## How to complete this task
Filter the entries, keeping every line with the word "room".

## Data entries
|---|

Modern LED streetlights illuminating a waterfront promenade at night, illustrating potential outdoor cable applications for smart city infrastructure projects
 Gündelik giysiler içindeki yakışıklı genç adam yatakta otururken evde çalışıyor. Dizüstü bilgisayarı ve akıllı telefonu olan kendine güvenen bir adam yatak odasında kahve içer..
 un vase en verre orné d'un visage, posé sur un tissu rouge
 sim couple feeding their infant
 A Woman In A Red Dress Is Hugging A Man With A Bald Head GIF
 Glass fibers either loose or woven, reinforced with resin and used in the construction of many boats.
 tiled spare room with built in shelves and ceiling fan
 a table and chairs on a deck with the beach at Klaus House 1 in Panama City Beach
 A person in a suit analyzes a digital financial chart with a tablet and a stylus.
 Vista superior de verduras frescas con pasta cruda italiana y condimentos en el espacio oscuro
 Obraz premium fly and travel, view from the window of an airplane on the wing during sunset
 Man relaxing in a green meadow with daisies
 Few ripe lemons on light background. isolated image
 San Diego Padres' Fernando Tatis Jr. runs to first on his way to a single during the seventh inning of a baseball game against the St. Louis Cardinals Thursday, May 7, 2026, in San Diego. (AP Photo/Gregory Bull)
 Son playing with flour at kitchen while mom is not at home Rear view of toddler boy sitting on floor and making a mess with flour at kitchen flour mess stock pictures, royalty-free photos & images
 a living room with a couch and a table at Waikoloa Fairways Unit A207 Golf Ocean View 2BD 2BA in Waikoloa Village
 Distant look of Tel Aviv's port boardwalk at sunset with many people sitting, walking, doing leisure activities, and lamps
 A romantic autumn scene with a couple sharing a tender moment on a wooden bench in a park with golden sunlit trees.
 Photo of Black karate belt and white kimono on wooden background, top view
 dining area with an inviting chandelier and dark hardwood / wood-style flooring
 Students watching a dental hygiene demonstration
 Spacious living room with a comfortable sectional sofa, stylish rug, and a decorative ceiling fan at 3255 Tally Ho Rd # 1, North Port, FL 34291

|---|

## Completed task
 tiled spare room with built in shelves and ceiling fan
 a living room with a couch and a table at Waikoloa Fairways Unit A207 Golf Ocean View 2BD 2BA in Waikoloa Village
 Spacious living room with a comfortable sectional sofa, stylish rug, and a decorative ceiling fan at 3255 Tally Ho Rd # 1, North Port, FL 34291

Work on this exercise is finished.